Please set down only the lines below starting with the line with "2023 BMW R 1250 R Triple Black" and going on through the line with "Продажа виллы в", verbatim and without pictures.

Saved data entries

────────

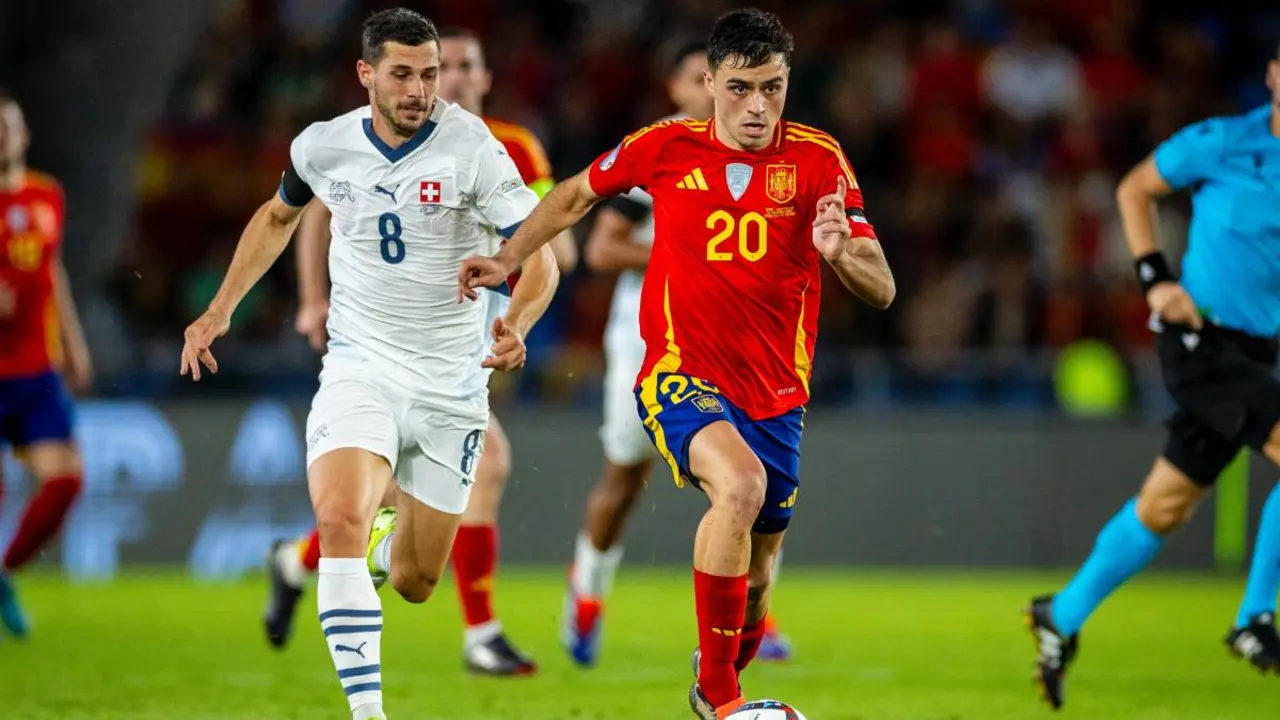 Pedri con el dorsal n&uacute;mero 20. /   @sefutbol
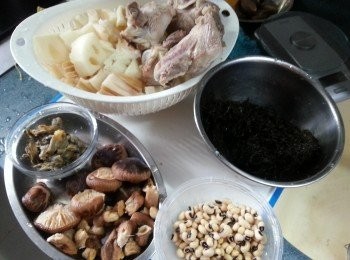 step5: 預備好各材料:冬菇浸軟,微豆浸軟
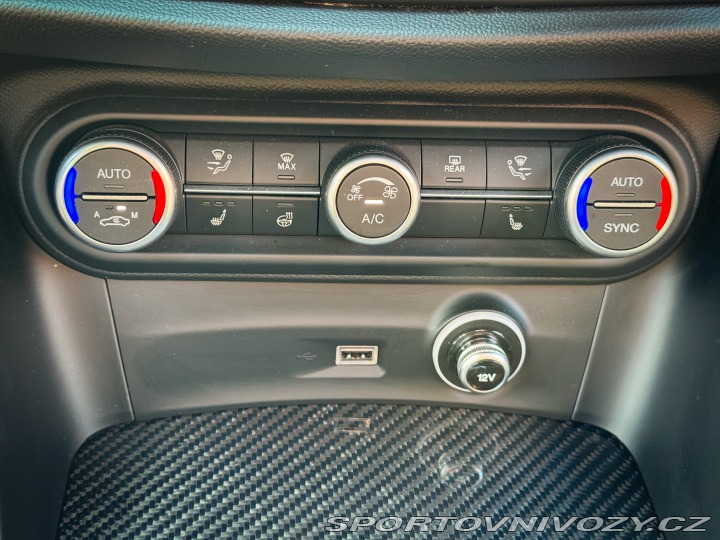 Alfa Romeo Stelvio QUADRIFOGLIO 2021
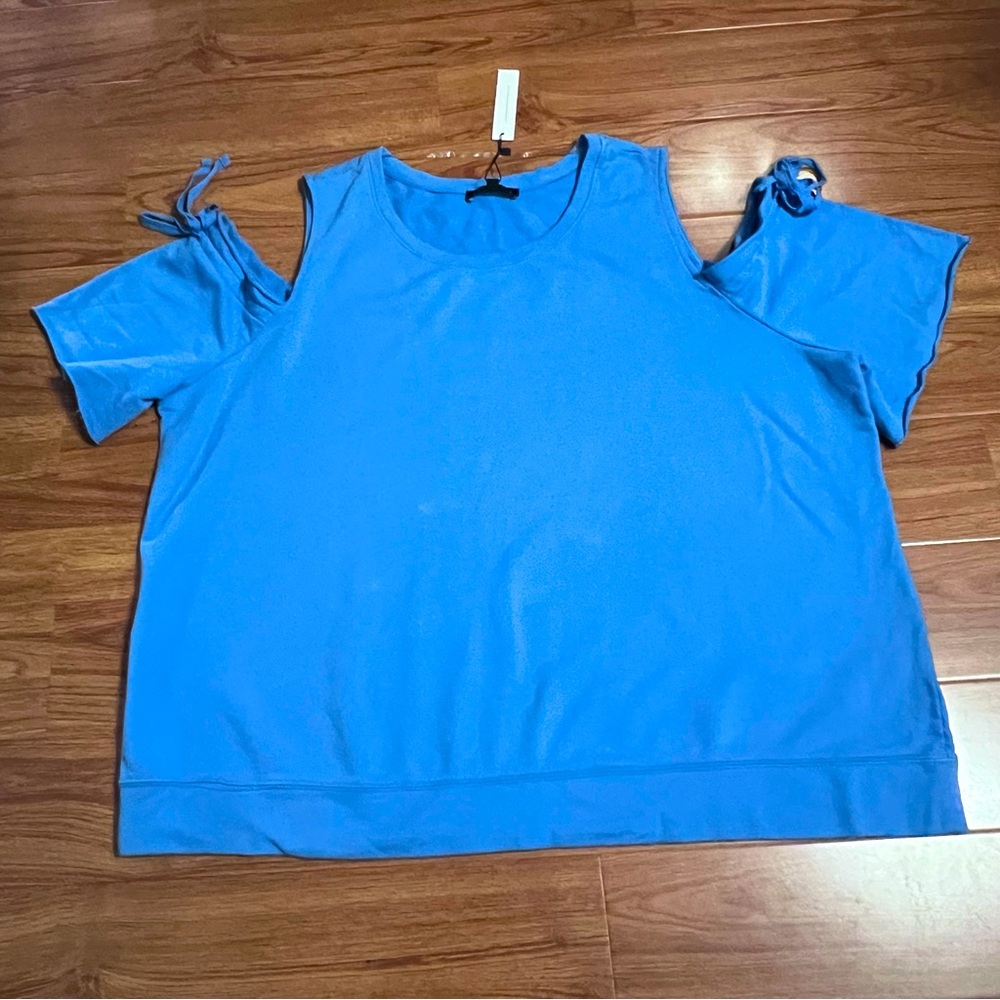 Sanctuary Curve Top New With Tags Size 3X Cold Shoulder Short Sleeves Bow New.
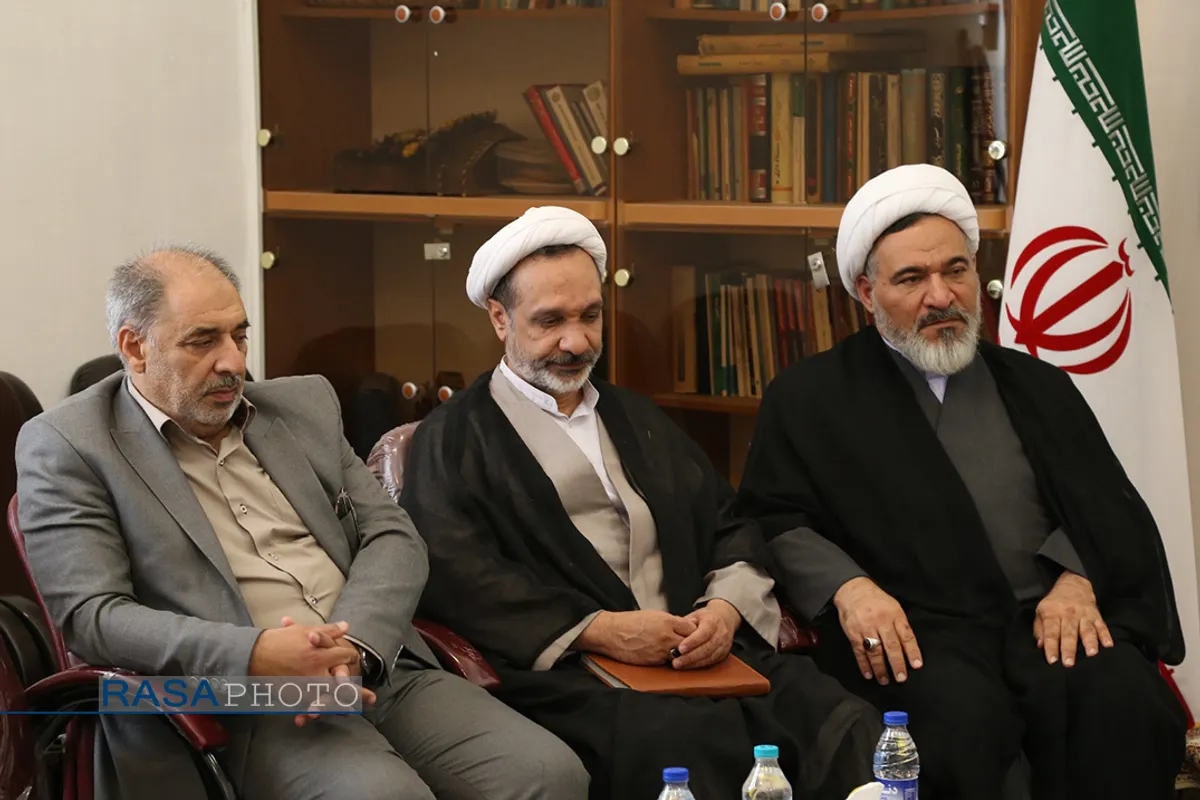 نشست هم اندیشی دستگاه&zwnj;های همکار با حوزه خواهران چهارمحال و بختیاری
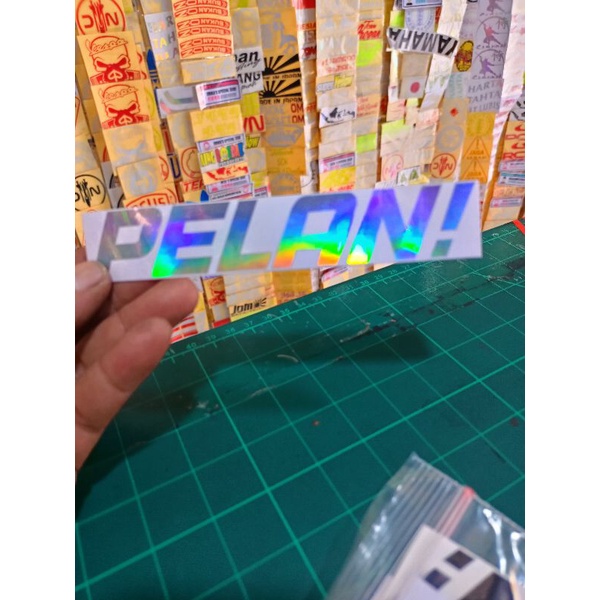 cutting sticker pelan!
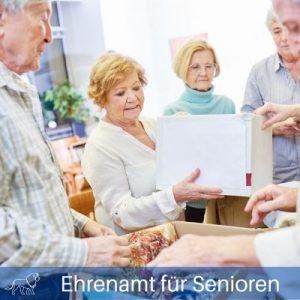 Senioren helfen im Ehrenamt gemeinsam anderen Menschen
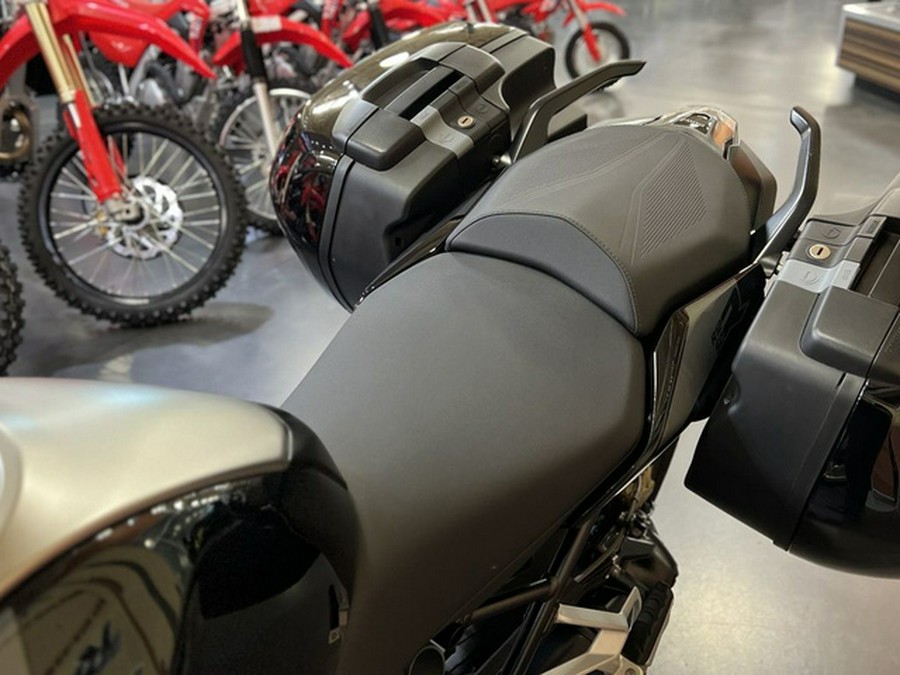 2023 BMW R 1250 R Triple Black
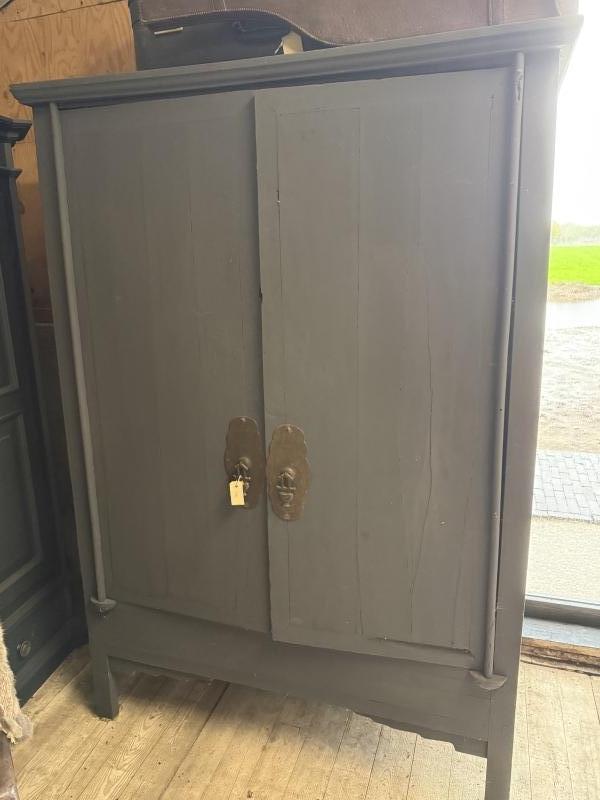 Landelijke brocante kast met deuren en lades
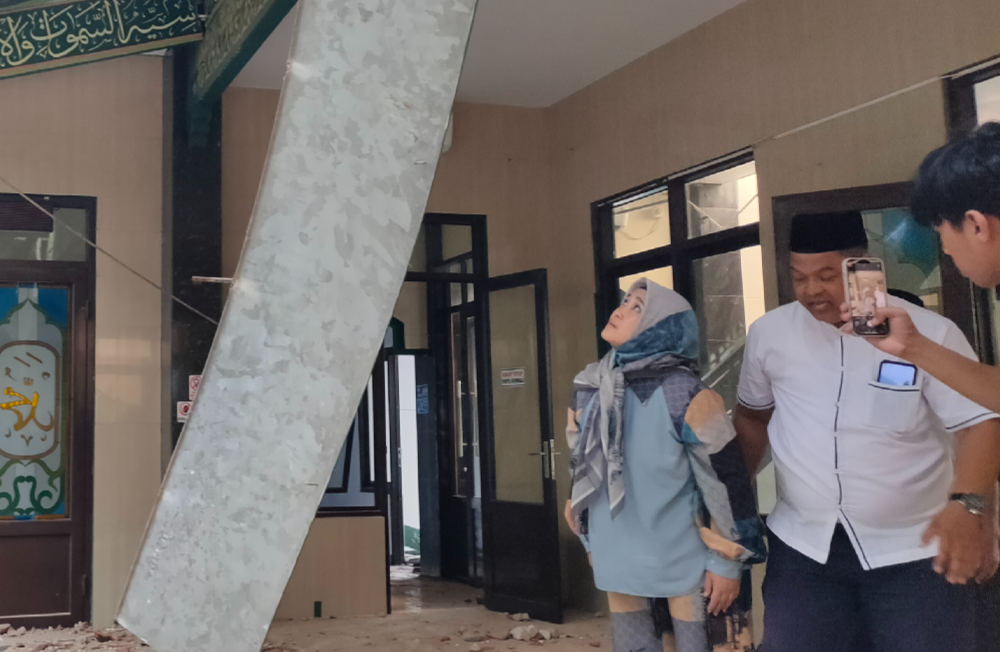 Masjid di RW 19 Larangan Timur Roboh, Bacawawalkot Siti Farida Rosmawati Sigap Langsung Turun ke Lapangan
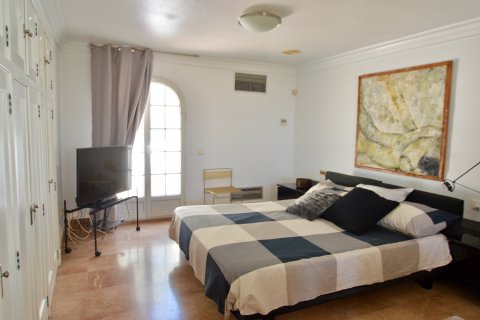 Продажа виллы в Торревьеха, Аликанте, Испания 4 спальни, 520м2 №118801 - фото 13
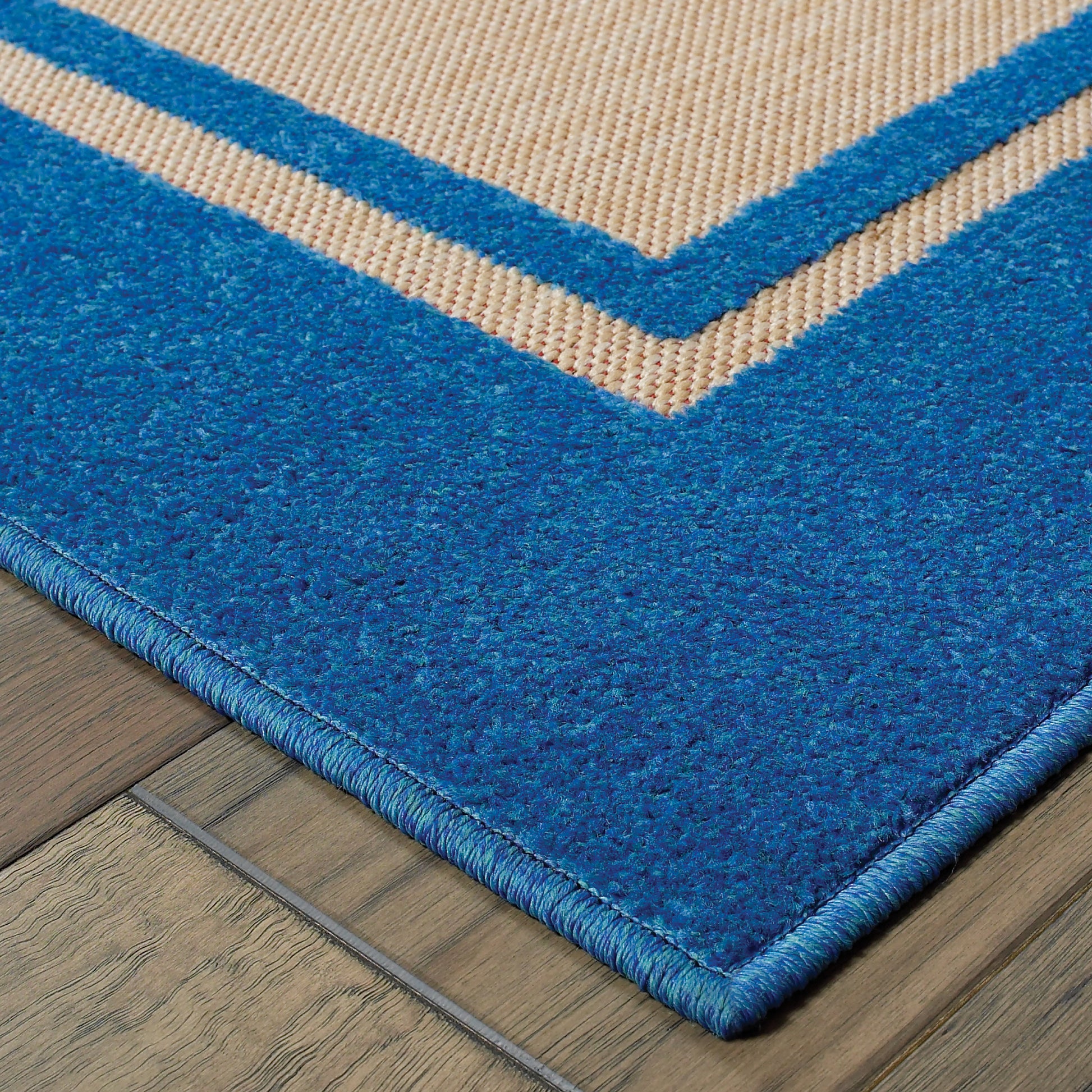 Cayman Outdoor Sand/ Blue Border Mixed Pile Rug
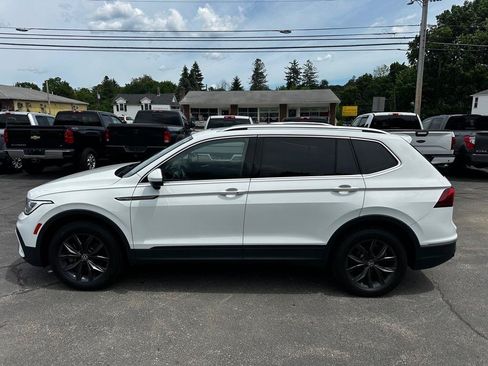 Used 2022 Volkswagen Tiguan SE AWD/4WD image 3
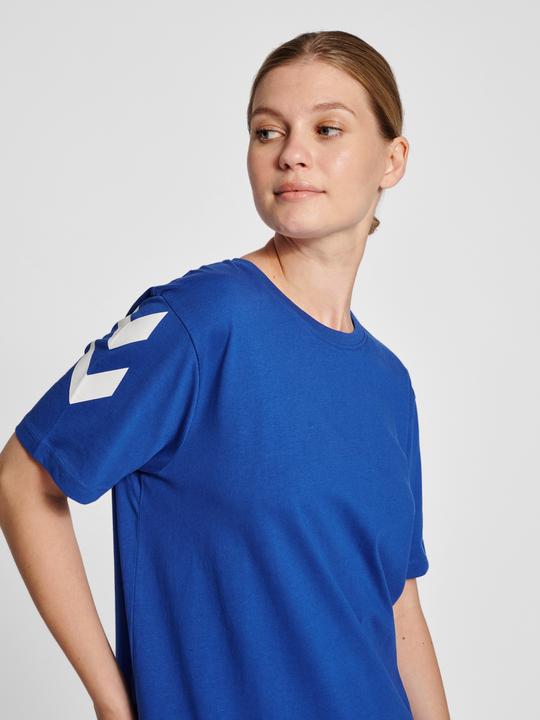 Actual product image hummel Legacy Chevron T-Shirt (L)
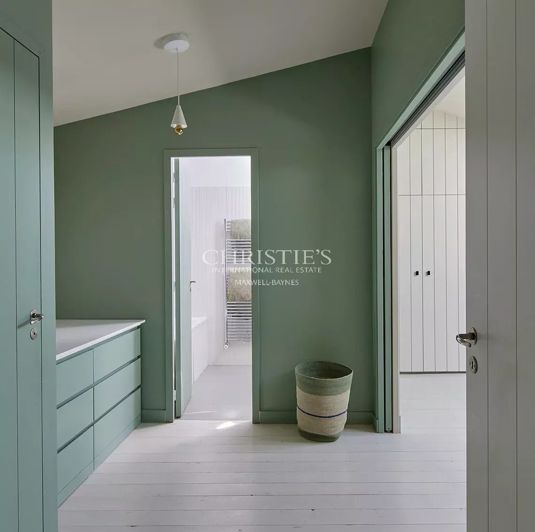 Image No.14-5 Bed House for sale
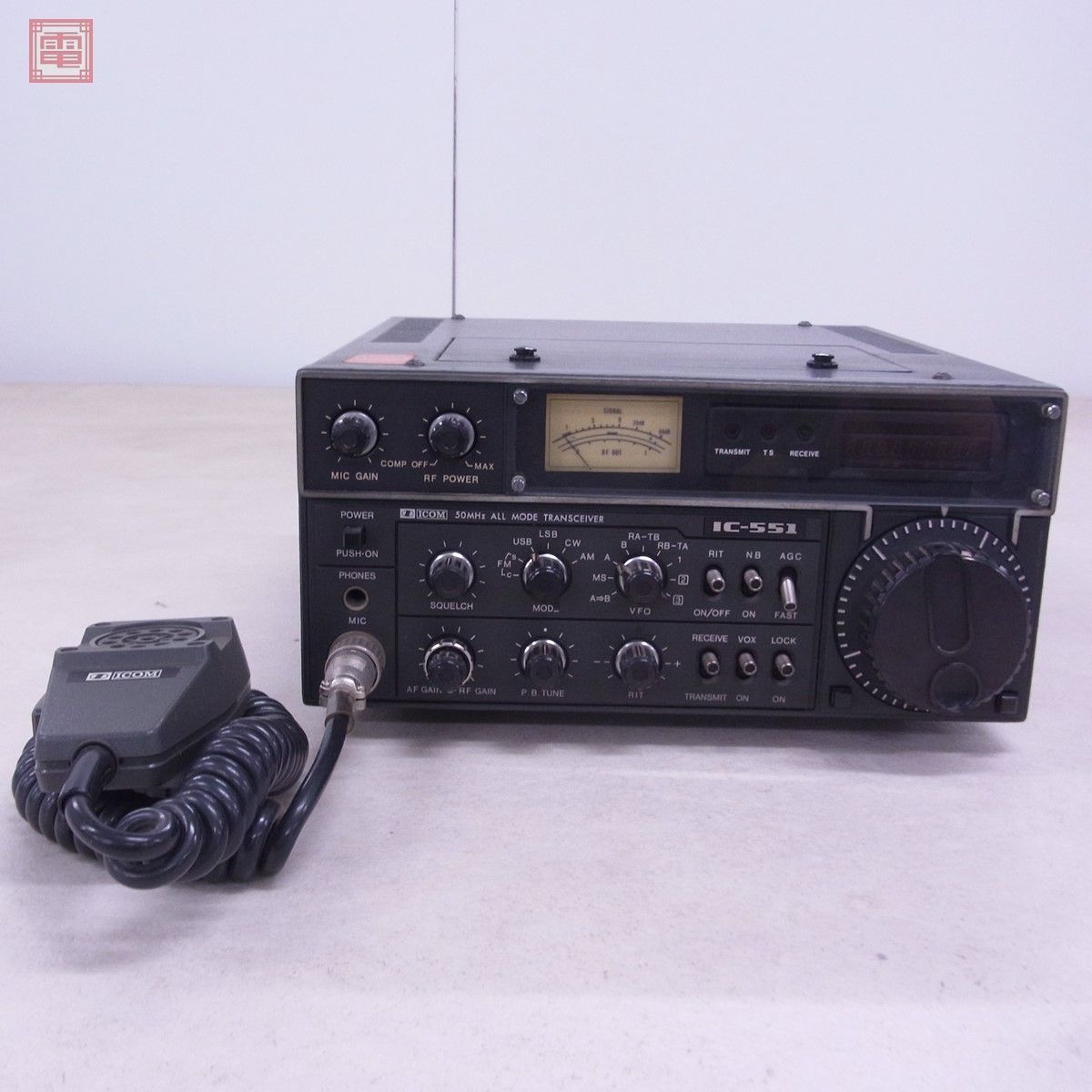 正規品販売中 50MHZオールモードトランシーバー ICOM IC-551 FMユニット付き アマチュア無線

────────

● Task output:
 2023 BMW R 1250 R Triple Black
 Landelijke brocante kast met deuren en lades
 Masjid di RW 19 Larangan Timur Roboh, Bacawawalkot Siti Farida Rosmawati Sigap Langsung Turun ke Lapangan
 Продажа виллы в Торревьеха, Аликанте, Испания 4 спальни, 520м2 №118801 - фото 13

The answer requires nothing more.